Rincewind obejrzał się na skalną ścianę. Ziemia znowu zadygotała.
— Mógłbyś przeskoczyć to jeszcze raz? — poprosił.
— Coś źle poszło w przeszłości.
Kangur popatrzył na tępy wyraz usmarowanej dżemem twarzy Rincewinda i spróbował na nowo.
— Twoje przybycie wywołało fałszywą nutę.
— W czym?
Zwierzak machnął łapą w nieokreślonym kierunku.

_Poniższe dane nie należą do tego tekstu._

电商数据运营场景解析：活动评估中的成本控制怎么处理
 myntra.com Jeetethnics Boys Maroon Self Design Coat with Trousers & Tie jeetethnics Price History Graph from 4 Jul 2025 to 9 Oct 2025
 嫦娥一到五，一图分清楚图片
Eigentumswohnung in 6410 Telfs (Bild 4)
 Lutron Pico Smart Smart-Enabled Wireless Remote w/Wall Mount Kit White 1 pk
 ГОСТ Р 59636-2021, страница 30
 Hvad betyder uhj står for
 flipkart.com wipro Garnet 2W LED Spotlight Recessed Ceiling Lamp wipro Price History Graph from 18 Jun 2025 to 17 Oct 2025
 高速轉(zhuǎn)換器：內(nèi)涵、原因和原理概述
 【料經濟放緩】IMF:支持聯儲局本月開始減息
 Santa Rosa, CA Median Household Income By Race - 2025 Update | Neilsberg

— W tym wszystkim — wyjaśnił. — Możesz nazwać to piekielnym supłem lokalizowanej przestrzeni fazowej albo możesz nazwać to po prostu pieśnią.
Rincewind wzruszył ramionami.
— Nie przeczę, że przyłożyłem rękę do zabicia kilku pająków. Ale to była sytuacja: ja albo one. Przecież niektóre atakują cię na wysokości głowy…
— Zmieniłeś historię…
— Daj spokój, parę pająków nie robi aż takiej różnicy. Niektóre używały swoich sieci jak batutu, rozumiesz, było takie „brzdęk!”, a potem…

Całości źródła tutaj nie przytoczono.